→ **Task to carry out**:
In the records below, find the line that contains "上海篮球队配合默契创新高引领全国篮球新潮流 上海篮球队配" and the line that contains "Alfondac guest apartment by Aixopluc", then retype exactly those two lines and every line between them.

→ **Material supplied**:
--

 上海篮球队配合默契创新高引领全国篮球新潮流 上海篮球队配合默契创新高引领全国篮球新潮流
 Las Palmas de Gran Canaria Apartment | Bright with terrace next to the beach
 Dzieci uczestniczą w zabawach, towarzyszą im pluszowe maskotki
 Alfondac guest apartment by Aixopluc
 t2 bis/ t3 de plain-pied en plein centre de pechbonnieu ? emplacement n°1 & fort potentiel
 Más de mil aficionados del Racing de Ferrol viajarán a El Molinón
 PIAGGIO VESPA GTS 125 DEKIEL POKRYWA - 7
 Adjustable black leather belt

--

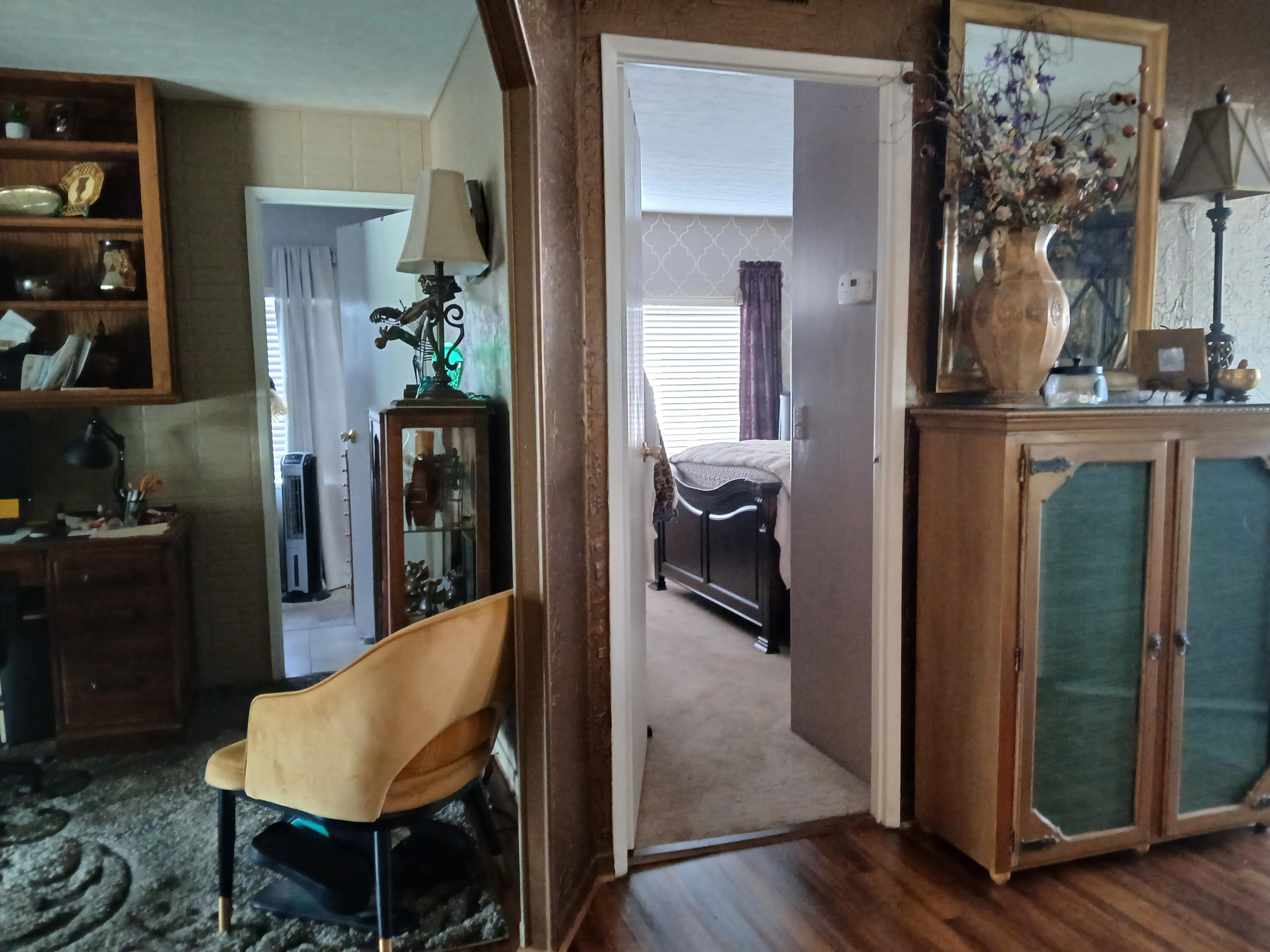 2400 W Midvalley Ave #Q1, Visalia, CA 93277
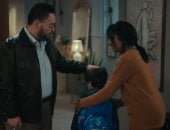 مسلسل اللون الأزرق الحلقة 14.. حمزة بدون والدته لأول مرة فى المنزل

--

→ **Solution for this task**:
 上海篮球队配合默契创新高引领全国篮球新潮流 上海篮球队配合默契创新高引领全国篮球新潮流
 Las Palmas de Gran Canaria Apartment | Bright with terrace next to the beach
 Dzieci uczestniczą w zabawach, towarzyszą im pluszowe maskotki
 Alfondac guest apartment by Aixopluc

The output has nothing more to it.